(Dataset entries)
######
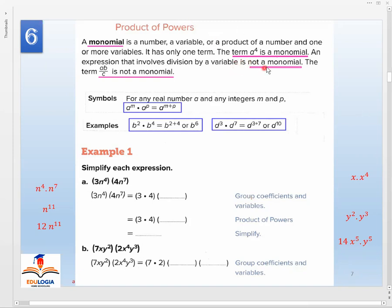The term 'a to the power of 4' is a monomial — just one term. An expression that involves division by a variable is not a monomial. For example, a·b over c is not a monomial.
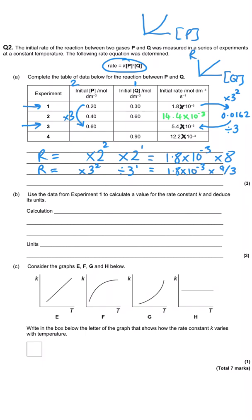Since Q is first order, whatever happens to the rate must have been done to Q directly — so Q must have been divided by three. This strategy of finding a partway rate isolates the individual effects of changing each concentration. Tripling P squared gives nine times the rate; then dividing by three means Q was divided by three, so the concentration of Q in experiment three is 0.10.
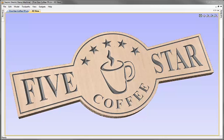In this video, we're going to take the vectors that we created in the first part of the tutorial, and we're going to show you how to assign a VCarving toolpath and a Profile Cutout toolpath to them to create the sign that you can see on the screen.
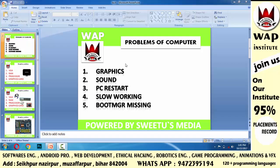In this video, I will tell you about the 5 big problems of computers. The first problem is graphics, the second is sound, the third is PC restart, the fourth is slow PC performance and Boot MGR missing, and the fifth is software expired.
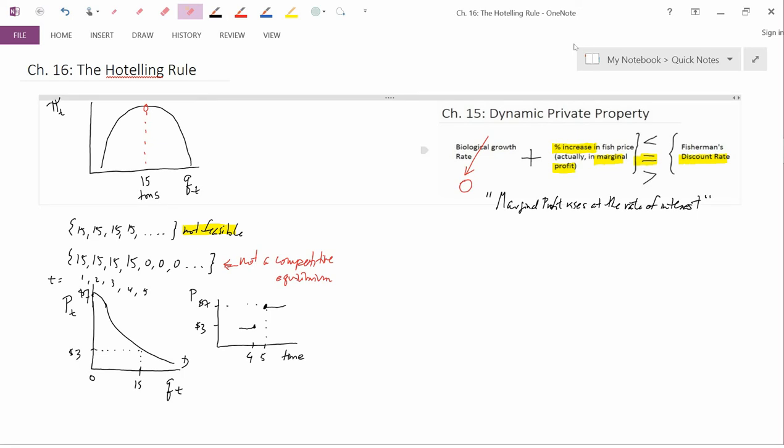I'm going to explain more about the Hotelling Rule and this result in the next video.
######
What you are asked to do: Nothing but the lines from the one containing "In this video, we're" through the end of the entries should be written out, exactly and without pictures.

The completed task:
In this video, we're going to take the vectors that we created in the first part of the tutorial, and we're going to show you how to assign a VCarving toolpath and a Profile Cutout toolpath to them to create the sign that you can see on the screen.
In this video, I will tell you about the 5 big problems of computers. The first problem is graphics, the second is sound, the third is PC restart, the fourth is slow PC performance and Boot MGR missing, and the fifth is software expired.
I'm going to explain more about the Hotelling Rule and this result in the next video.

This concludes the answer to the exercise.